I'm trying to figure out the generating function for this power series.. I have a few ideas but can't get any result..
$$\sum_{n=2}^\infty \left(\sum_{k=1}^{n} ((n-k)(k-1)M_{k-1}) z^n\right) $$
$M(k)$ is my recursive function.. my problem is with the $(n-k)(k-1)$ part..
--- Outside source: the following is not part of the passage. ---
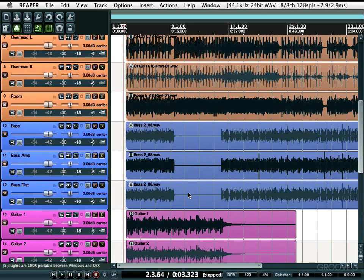How you doing? I'm Kenny Gioia. Welcome to another one of my Reaper tutorials. In this tutorial I'm going to show you navigation and zooming in Reaper.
I was thinking that it can be extracted from the summation and it should become
$$n(n+1)(n+2)/6$$
but I'm still unable to solve this..
On
$$\sum_{n\geq2} \sum_{k=1}^{n}(n-k)(k-1)M_{k-1}z^n = \sum_{n\geq1} \sum_{k=1}^{n+1}(n+1-k)(k-1)M_{k-1}z^{n+1}$$ Interchanging order of sum: $$[1 \leq n < \infty][1 \leq k \leq n+1] =[1 \leq k \leq n+1 < \infty] $$ $$ = [1 \leq k < \infty][k \leq n+1 < \infty]$$ Hence, $$ = \sum_{k\geq 1}(k-1)M_{k-1}\sum_{n+1\geq k}(n+1-k)z^{n+1-k}z^k$$ $$ = \sum_{k\geq 1}(k-1)M_{k-1}\sum_{n\geq k}(n-k)z^{n-k}z^k$$ $$=\sum_{k\geq 1}(k-1)M_{k-1}z^k \;z\sum_{n\geq k}(n-k)z^{n-k-1} $$ $$=\sum_{k\geq 1}(k-1)M_{k-1}z^{k+1} \;\frac{d}{dz}\sum_{n\geq k}z^{n-k} $$ $$=\sum_{k\geq 1}(k-1)M_{k-1}z^{k+1} \;\frac{1}{(1-z)^2} $$ $$=\frac{z^3}{(1-z)^2}\sum_{k\geq 1}(k-1)M_{k-1} z^{k-2} $$ $$=\frac{z^3}{(1-z)^2}\sum_{k\geq 1}(k-1)M_{k-1} z^{k-2} $$ $$=\frac{z^3}{(1-z)^2}\frac{d}{dz}\sum_{k\geq 1}M_{k-1} z^{k-1} $$
Observe the inner product is a discrete convolution, suggesting this is a product of two generating functions. Reindex $n$ by $1$ and obtain:
$$\sum_{n=2}^\infty\left(\sum_{k=1}^n(n-k)(k-1)M_{k-1}\right)z^n=\sum_{n=1}^\infty\left(\sum_{a+b=n}a\cdot(bM_b)\right)z^{n+1}$$
$$=z\left(\sum_{a=1}^\infty az^a\right)\left(\sum_{b=1}^\infty bM_bz^b\right)=z\cdot\frac{z}{(1-z)^2}\cdot\left(z\frac{d}{dz}\sum_{b=1}^\infty M_bz^b\right).$$
Now, what is it exactly that you want to accomplish here? You say $M_k$ is a recursive function but you don't tell us what the recursion it satisfies is and you likewise refer to some "it" being a given polynomial in $n$ but what is the "it" that you refer to - is it the $M_k$ or the inner sum involving $M_k$?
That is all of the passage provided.